The week was good. It started off right with The Hateful Eight, the new Quentin Tarantino film. I won’t go into a review or spoilers here, but I’m again impressed by his use of dialogue and his ability to keep me invested in the story and the characters. I learned a lot from it (and was entertained). A win-win.
The week started with me missing one writing sprint, so only 30 minutes of writing on Sunday. But I wrote 800 words, which wasn’t a bad clip. Sunday was the only day this week that I did less than two sprints per day. I took vacation from my day job, so I had a long weekend. Nice, but it got me out of my routine and a few of those days it was touch and go with getting both sprints in. But I did, even with New Year’s Eve and all that. Getting them early makes a big difference.
I won’t break it down by day to keep from boring you, but total words written last week hit 8,734. That’s an average of around 1,250 per day. Progress was a little slow since I got bogged down in the story for a while.
Let’s talk about that for a bit. Everybody gets bogged down at some point; some detail about your story isn’t working, some plot line isn’t tying out or you hit a brick wall in terms of the dreaded question: What Happens Next?
It happens. The solution? Write through it.
I know that sounds like I’m being flippant, but I’m not. When I get stuck I sometimes take a short break. I get up and walk around or listen to music. Sometimes I read. Sometimes I watch TV. The key is that it’s only a short break. I can’t keep up production if I’m constantly fretting about how my critical voice is reminding me that I’m not a special snowflake.
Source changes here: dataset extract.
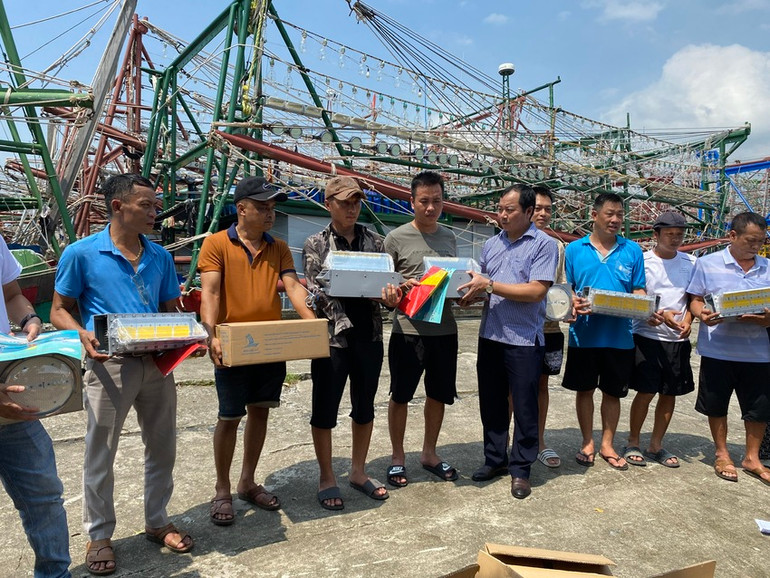 Trao quà tặng ngư dân chịu thiệt hại sau bão.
I can’t worry that my prose doesn’t sing like McCarthy or my characters don’t engage like Tarantino’s or my story doesn’t seem real as real as Stephen King’s. That’s self-doubt coming through. Critical voice. As Dean Wesley Smith says, critical voice is there to stop you. That’s its job.
After I’ve taken a few minutes away, I sit down and start typing again. Sometimes it’s sloooooow, but eventually it picks up and I’m back on track again.
Or I could sit and fret and not produce a goddamn word. That gets me nowhere fast which, by my definition, is dumb. Nobody ever wrote anything by not writing.
Case in point: I’m working on a weird western novel right now. I got to a point in my pseudo-outline where something was supposed to happen a certain way. I had it all planned out and then I started to bog down and lose interest.
Eventually I remembered a cardinal rule of mine: if I’m getting bored then the reader is surely getting bored too.
So I scrapped the outline, hopped in the shower and got to thinking. I surprised my characters with something I didn’t see coming, hence they didn’t see it coming and–you guessed it–the reader shouldn’t see coming either. Suddenly the story was fun again and trucking along full speed.
As of today I’ve written for 47 days unbroken. Not a bad streak. Looks like my estimate for December’s totals was a little too high: I hit 37,634 words for the month, not the 39-40k I’d hoped for. Again, probably because I got bogged down there for a bit.
Estimates are this weird western novel will hit around 75k words, which means that I’m around 80% through it. That feels about right. That’ll put me finishing around mid-January. I don’t force a book to a particular word length; rather I forecast how long I think the story might be, which means it could change. Probably will.
Either way 2016 is off to a great start.